The idea to walk the Kungsleden with my sister Katrin and my brother-in-law Andi had been existing several years. This year we put our plan into action and went this famous Swedish long-distance trail from Vakkotavare to Abisko, which is round about 110 kilometres. Fortunately Annika had time to join us.
We started our tour on 20 August, exactly two weeks ago. As many hikes our tour started with public transport: The bus 93 from Gällivare to Ritsem. The last 130 km of that route are famous for being Sweden’s longest dead-end road.
We however left the bus at Vakkotavare where we immediately started the tour. We had no time to loose since our destination – the Teusajaure hut – is located on the other side of the lake Teusajaure and we hoped for a lift with the motor boat at 19:15 to avoid rowing cross the lake.
The first part of the trail is quite steep and leads along a mountain brook with some waterfalls. 500 metres in altitude can be exhausting, when it’s the first day and the backpacks are still packed with some extra food.
Finally we were on the plateau on the “kalfjäll”, the alpine region above the tree line. I really love that bleak but wide landscape where you can look so far.
Until then we were quite lucky with the weather. It wasn’t sunny but at least it didn’t rain. But the weather worsened. The clouds became darker and it started to rain, first lightly then gradually intensifying. We could see some patches of old snow far away but soon all mountain peaks vanished in the thick layer of clouds.
The last part of the trail descends again. This was probably the most dreadful stage of our whole hike: it rained more and more and the steep stony path downwards was muddy and slippery. Despite of the rain there was not a single wisp of wind. So every second we stopped we were immediately surrounded by clouds of mosquitoes that landed in our eyes and nostrils or tried to get into our ears to suck our blood. Anyway we hardly rested anyhow since we tried to reach the boat.
We managed to reach the landing stage at the lake Teusajaure in time, wound up the signal for the boat (a white plastic jerry can) and waited. At least we were glad that the hut Teusajaure was in sight.
I felt disappointed and frustrated. It was the first hiking tour in Sweden for Katrin and Andi. What would happen if the weather would stay like that? And the muddy trails? And the mosquito clouds? Would we continue or abandon the tour? What would they think about hiking in Lapland? Would they ever come again …?

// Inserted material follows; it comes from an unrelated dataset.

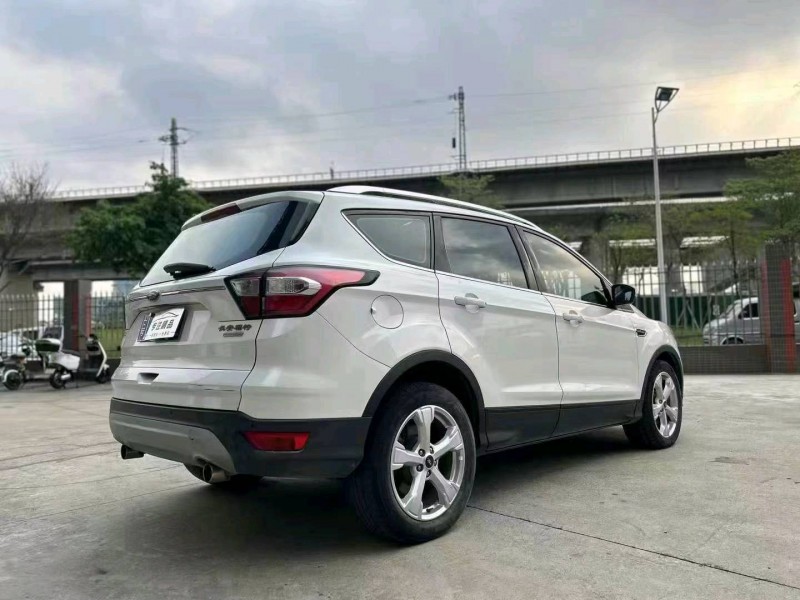 佛山18年福特翼虎9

Soon we could see the boat leaving the other side of the lake. Minutes later it arrived. We put the backpacks onboard, jumped in, put on live wests and soon brought across the lake.
On the other side we unpacked the wet trunks and the stugvärd – the mountain-lodge keeper – gave us four beds to sleep. While Annika and I had hiked in Sweden many times it was brand new to Katrin and Andi and felt like a culture shock:
No electricity, no water tap and no water toilet neither! Instead of that: candles, a wood fired oven, two gas cookers and some buckets with water – partly fresh, partly used. And the earth closet somewhere out in the dusk. Again I felt a bit guilty that I persuaded Katrin and Andi into that Kungsleden hike.
Anyway the first tour day that was long away from being ideal came to a nice end: We had pasta, fresh chanterelle mushrooms and sour cream with us for the first day and therefore could enjoy a dinner far above standard. Now we only hoped for the rain to stop. It didn’t take long until we went to bed and soon we all slept.
What do you do if you don’t want to get a motor boat lift? You row by yourself. That’s round 1 km one way.
There are three rowing boats total. If you have two boats on your side, you’re lucky: Just take the boat and row across the lake.
If you have only one boat on your side, you have to row three times: First you take the boat and cross the lake. Then you row back with the same boat and a second boat in tow. Then you leave that second boat and row again a third time. So it’s ensured that there’s always at least one boat on each side.